* **How to complete this task**
The answer is to be the lines of the material from its start through the line containing "There is also", each copied exactly; no pictures.
Content starts
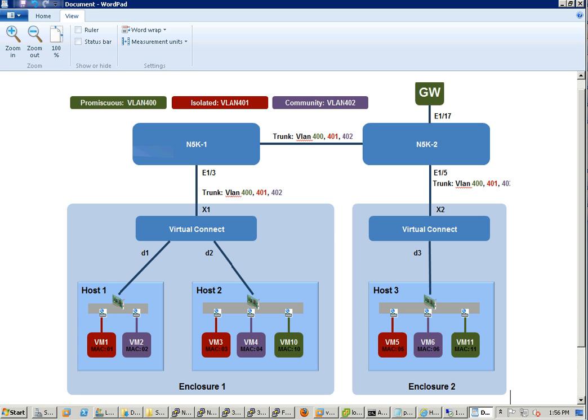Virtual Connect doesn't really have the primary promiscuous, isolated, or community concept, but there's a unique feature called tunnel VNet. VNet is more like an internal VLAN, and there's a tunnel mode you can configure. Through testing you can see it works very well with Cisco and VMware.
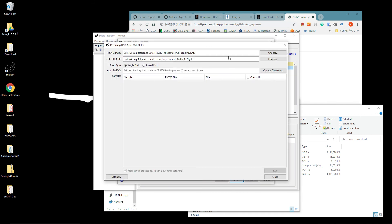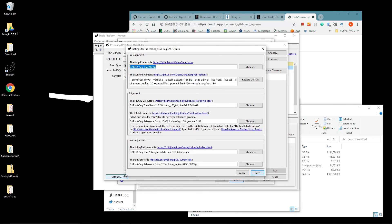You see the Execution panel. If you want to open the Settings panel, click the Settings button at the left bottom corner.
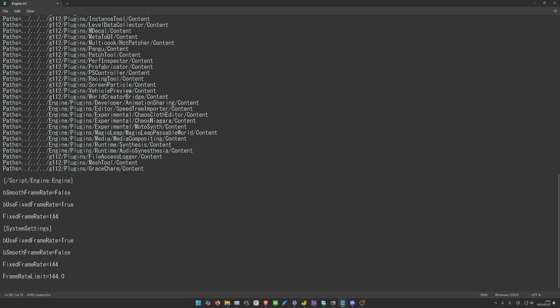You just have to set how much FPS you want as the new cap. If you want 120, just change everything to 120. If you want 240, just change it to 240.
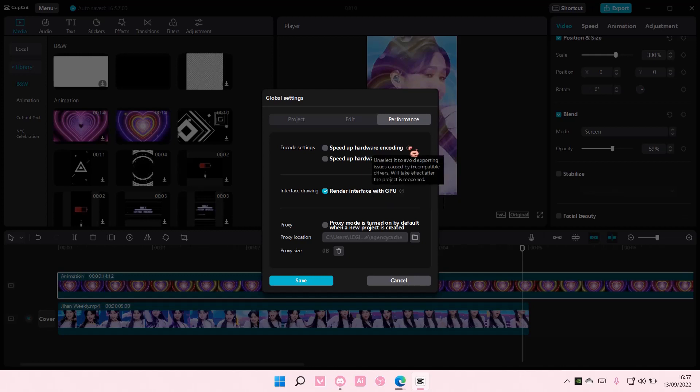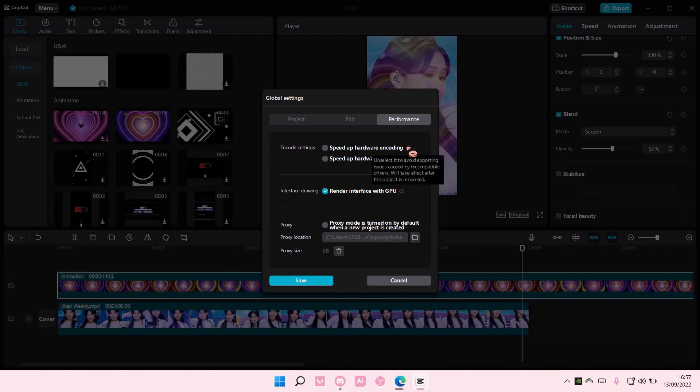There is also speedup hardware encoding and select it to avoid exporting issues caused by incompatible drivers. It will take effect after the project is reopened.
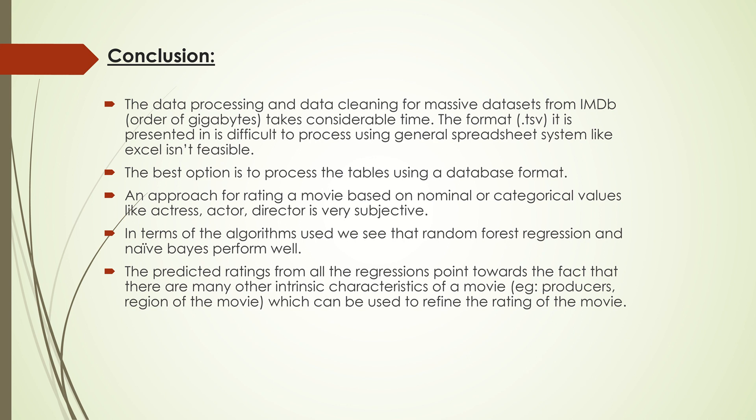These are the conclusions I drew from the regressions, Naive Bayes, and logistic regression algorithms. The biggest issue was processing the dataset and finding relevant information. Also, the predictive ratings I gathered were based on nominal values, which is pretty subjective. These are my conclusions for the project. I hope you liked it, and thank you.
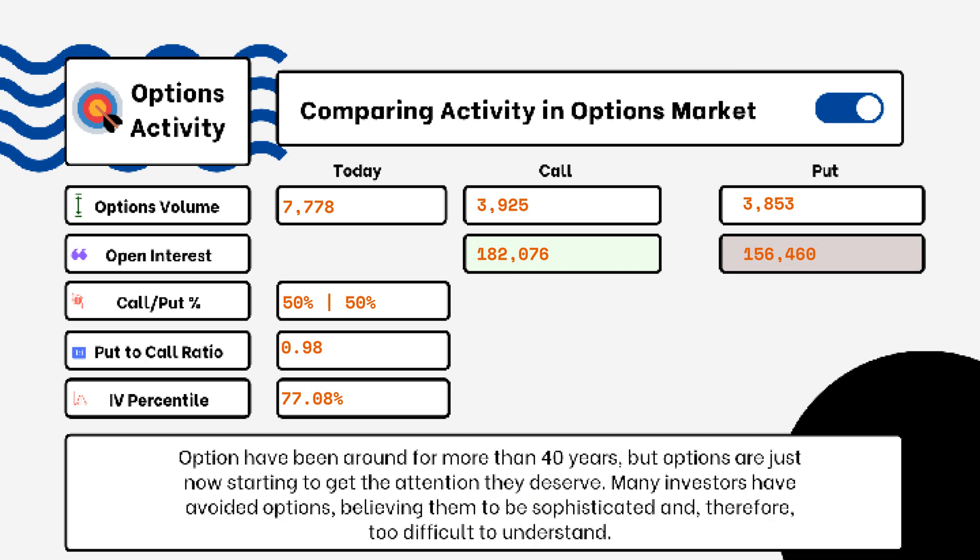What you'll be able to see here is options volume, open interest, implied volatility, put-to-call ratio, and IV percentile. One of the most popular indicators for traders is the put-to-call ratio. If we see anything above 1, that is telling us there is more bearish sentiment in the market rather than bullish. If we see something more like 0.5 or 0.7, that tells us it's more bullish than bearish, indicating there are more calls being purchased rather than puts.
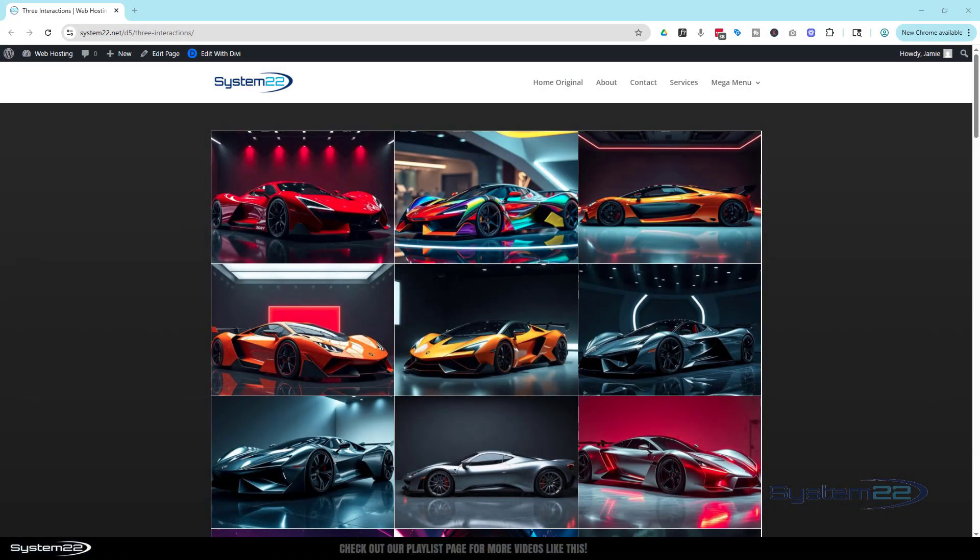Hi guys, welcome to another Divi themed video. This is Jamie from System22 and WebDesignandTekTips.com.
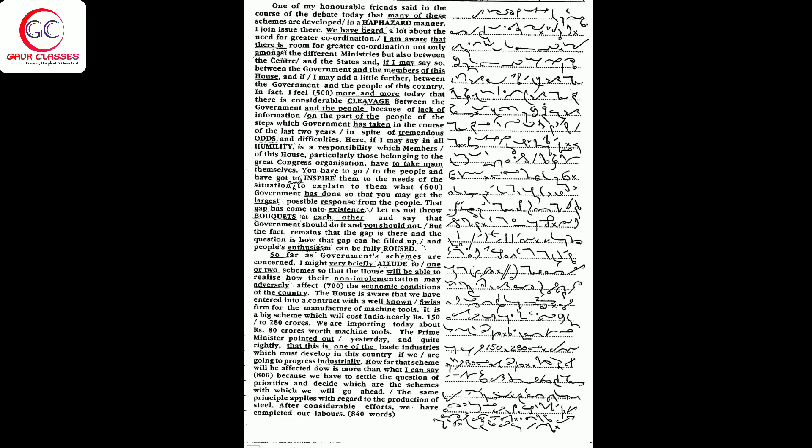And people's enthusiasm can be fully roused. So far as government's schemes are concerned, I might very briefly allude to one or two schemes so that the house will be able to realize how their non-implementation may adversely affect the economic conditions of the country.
Content ends
* **Written response**
Virtual Connect doesn't really have the primary promiscuous, isolated, or community concept, but there's a unique feature called tunnel VNet. VNet is more like an internal VLAN, and there's a tunnel mode you can configure. Through testing you can see it works very well with Cisco and VMware.
You see the Execution panel. If you want to open the Settings panel, click the Settings button at the left bottom corner.
You just have to set how much FPS you want as the new cap. If you want 120, just change everything to 120. If you want 240, just change it to 240.
There is also speedup hardware encoding and select it to avoid exporting issues caused by incompatible drivers. It will take effect after the project is reopened.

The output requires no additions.